Children's burial ground, Dumha Thuama, Co. Mayo
Co. Mayo |
Burial Grounds
In the townland of Dumha Thuama in County Mayo lies a children's burial ground, a type of place that was once quietly common across rural Ireland yet remains one of the more melancholy features of the landscape.
These sites, known in Irish as cillíní (singular cillín), were informal, unconsecrated burial grounds used for infants who died before baptism, as well as for others who, under Catholic tradition, could not be interred in consecrated ground.

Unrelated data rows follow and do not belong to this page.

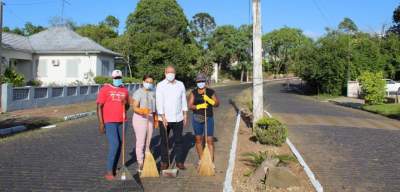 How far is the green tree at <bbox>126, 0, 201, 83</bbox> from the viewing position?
1902 inches

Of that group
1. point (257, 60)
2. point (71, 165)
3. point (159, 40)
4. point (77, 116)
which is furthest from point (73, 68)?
point (71, 165)

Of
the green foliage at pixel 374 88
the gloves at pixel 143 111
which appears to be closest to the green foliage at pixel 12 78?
the gloves at pixel 143 111

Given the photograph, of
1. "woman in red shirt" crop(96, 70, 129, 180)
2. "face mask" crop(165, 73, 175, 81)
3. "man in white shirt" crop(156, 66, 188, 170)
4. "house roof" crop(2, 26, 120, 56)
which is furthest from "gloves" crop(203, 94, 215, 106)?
"house roof" crop(2, 26, 120, 56)

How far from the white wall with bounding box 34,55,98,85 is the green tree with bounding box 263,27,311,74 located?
67655 mm

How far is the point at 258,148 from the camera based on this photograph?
1085cm

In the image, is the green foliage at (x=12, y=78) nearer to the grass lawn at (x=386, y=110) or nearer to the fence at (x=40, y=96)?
the fence at (x=40, y=96)

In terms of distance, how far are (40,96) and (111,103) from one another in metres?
15.2

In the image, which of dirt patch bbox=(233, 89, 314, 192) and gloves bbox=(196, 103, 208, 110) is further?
gloves bbox=(196, 103, 208, 110)

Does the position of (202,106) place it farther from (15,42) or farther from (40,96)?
(15,42)

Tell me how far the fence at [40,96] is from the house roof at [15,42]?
659cm

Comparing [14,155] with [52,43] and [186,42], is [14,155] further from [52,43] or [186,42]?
[186,42]

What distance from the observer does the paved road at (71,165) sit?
686 cm

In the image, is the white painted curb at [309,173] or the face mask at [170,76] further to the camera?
the face mask at [170,76]

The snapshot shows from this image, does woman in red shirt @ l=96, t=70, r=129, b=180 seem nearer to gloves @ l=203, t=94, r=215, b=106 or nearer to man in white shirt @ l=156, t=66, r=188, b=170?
man in white shirt @ l=156, t=66, r=188, b=170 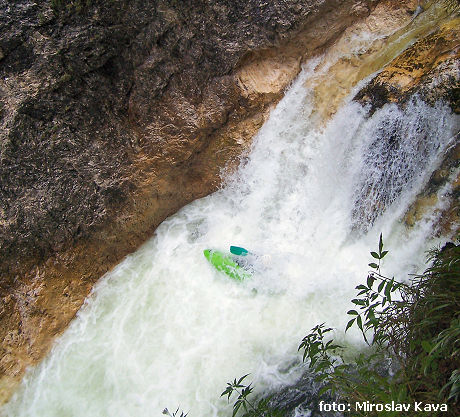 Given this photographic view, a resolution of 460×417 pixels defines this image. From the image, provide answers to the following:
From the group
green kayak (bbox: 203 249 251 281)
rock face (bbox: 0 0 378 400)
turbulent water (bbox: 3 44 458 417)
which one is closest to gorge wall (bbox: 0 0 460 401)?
rock face (bbox: 0 0 378 400)

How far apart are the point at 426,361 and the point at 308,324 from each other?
2.21 metres

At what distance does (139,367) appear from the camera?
425 cm

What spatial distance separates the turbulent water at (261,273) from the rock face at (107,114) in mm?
332

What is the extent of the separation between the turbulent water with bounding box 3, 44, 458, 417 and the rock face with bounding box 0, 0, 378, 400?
33 cm

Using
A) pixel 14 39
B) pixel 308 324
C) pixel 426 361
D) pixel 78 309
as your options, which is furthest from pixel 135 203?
pixel 426 361

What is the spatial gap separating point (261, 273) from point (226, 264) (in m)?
0.41

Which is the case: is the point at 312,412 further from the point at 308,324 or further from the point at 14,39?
the point at 14,39

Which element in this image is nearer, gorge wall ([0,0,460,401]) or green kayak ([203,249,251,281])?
gorge wall ([0,0,460,401])

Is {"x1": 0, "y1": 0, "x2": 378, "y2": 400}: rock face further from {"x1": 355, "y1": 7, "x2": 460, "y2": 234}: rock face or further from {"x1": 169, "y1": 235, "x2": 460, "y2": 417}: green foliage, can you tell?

For centuries, unbaptised children were considered ineligible for Christian burial, and so families carried them, often at night and with little ceremony, to marginal ground: old ringforts, cliff edges, boundaries between townlands, or ancient earthworks. The grief was real; the silence around it was enforced by theology.
The name Dumha Thuama is itself quietly telling. "Dumha" in Irish refers to a mound or burial mound, and the pairing with "tuama," meaning tomb or grave, suggests this ground had funerary associations long before any cillín was established here. It is not unusual for such children's burial grounds to occupy prehistoric earthworks or mounds; the unconsecrated and the ancient were, in the minds of rural communities, similarly set apart from the ordinary Christian order of things. The practice of using cillíní continued in parts of Ireland well into the twentieth century, and the sites are now recognised as places of genuine archaeological and social significance, carrying the largely undocumented grief of communities across many generations.